The MIC Ethic of Hospitality


The MIC Ethic of Hospitality - An Ethos of Christian Care & Duty
  1. The rise of social responsibility within the corporate world is one of the most interesting phenomena of the contemporary world. Increasingly organisations are expected to live according to values with regards to sustainable use of natural resources, appropriate lifestyles and awareness of the environmental impact of energy. For many years, major hotel chains for example have asked if you need to have your sheets and towels changed every day on the grounds that if they don’t have to wash them, they can cut down on the detergents going into the water system. It has also of course reduced their costs as well.

  2. Increasingly we see that this initial step is not enough. Organisations need to look at their overall footprint, not just in terms of carbon, but also water and natural resources such as food stuffs.

  3. This is why MIC has developed its ethical hospitality programme the core elements of which are spelt out in the document What Ethical Hospitality Means to Us - click here to download.

  4. However, while this does justice to the business ethics, it needs to be placed within the wider framework which is a given and therefore rarely spelt out. This ethic arises from, is an expression of and helps to make real the far more important ethos of Christian care and duty which lies behind it.

  5. The ethics spell out the how – how to source only fair-trade, organic and free range for example; or how to sources FSC wood products; sustainable energy and how to develop an ethical wages policy. What the ethos does is spell out why.

  6. In recent years, a great deal of attention has focused on two key aspects of Christian ethos.
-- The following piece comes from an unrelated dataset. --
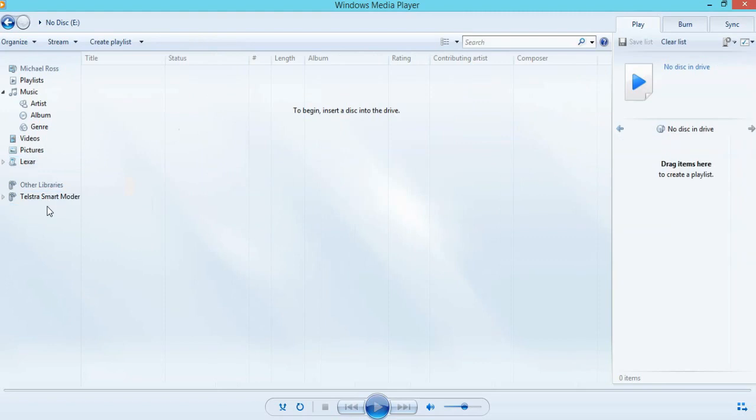And that's it. You're ready to grab your next CD and spend another three to three and a half minutes ripping that CD as well using the Windows Media Player.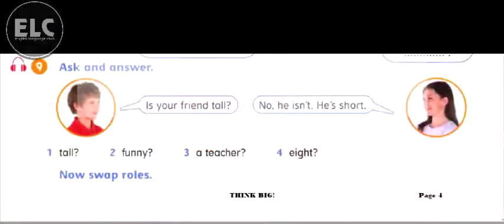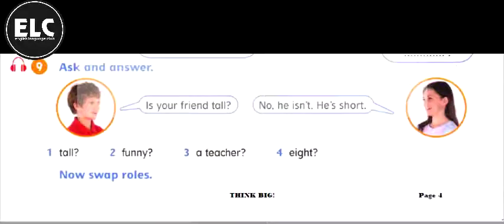Exercise number nine: ask and answer. Ek sample question apke samne hai. Is your friend tall? No, he isn't. He's short. No, he isn't. He's short.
These are the ethos of Christian concern and compassion for all aspects of God’s Creation and the ethos of hospitality.

  7. Care for God’s Creation has led the major Churches to look critically at their traditional understanding of why the rest of Creation exists and has led to a move away from a utilitarian approach to one founded upon the Covenant which God makes in Genesis 9:12 to 17 repeated in what is for Judaism the basis of their daily prayer which is Hosea 2: 18 to 20 in which God promises life to all aspects of Creation including humanity.

    This rediscovery of our place within God’s Creation brings with it a moral and ethical consequence which is that we have to be mindful of the right use of all that Creation provides because we are but part of the bigger picture. This is the ethos of care and duty which shapes why we must ensure that any animal’s life taken to feed us has been lived as generously and naturally as possible; why we must steward the use of energy sources; why we must ensure that any wood product is from an ecologically sustainable forest.

  8. The ethos of hospitality likewise arises from a rediscovery of the tradition of Biblical hospitality. For nearly two thousand years, Christian monasteries have offered travellers of whatever status, a place of rest, refreshment and welcome. This finds its inspiration in the Biblical accounts of generosity to the stranger for example in the Old Testament story of Abraham and the three angels at the Tree of Mamre in Genesis 18: 1 to 15 or the New Testament stories of the Feeding of the Five Thousand in for example Matthew 14: 13 to 21 or the Road to Emmaus story in Luke 24: 13 to 35.

  9. In Hilda Porter’s original vision, those who needed to be welcomed and offered hospitality were the foreign students who were being barred from hospitality by racism and fear. Those days are now long gone. The need for hospitality now is for those who in their everyday life are seeking to live more ethically, to walk more gently upon the earth and for those for whom an ethos of Christian hospitality opens doors to an appreciation of Christianity itself which would not otherwise be possible.
  10. This is why in the new developments of MIC, we place such emphasis on the ethical and the spiritual. This is why we now only serve free range eggs, ensure our waste goes towards energy production and why we have a chapel for quiet meditation and the offer of Holy Communion once a week. I would like to see us offer a moment of quiet prayer everyday as part not of the ethics of hospitality but because of our ethos of hospitality and Christian care and duty.

  11. In looking at why MIC is planning to take the path proposed, we would therefore ask you to see our why as well as our how for it is the unique combination of both which marks MIC as not just a pioneer here in the UK but as leader of a growing movement of faiths around the world to live, work and function with an ethos of care for all Creation.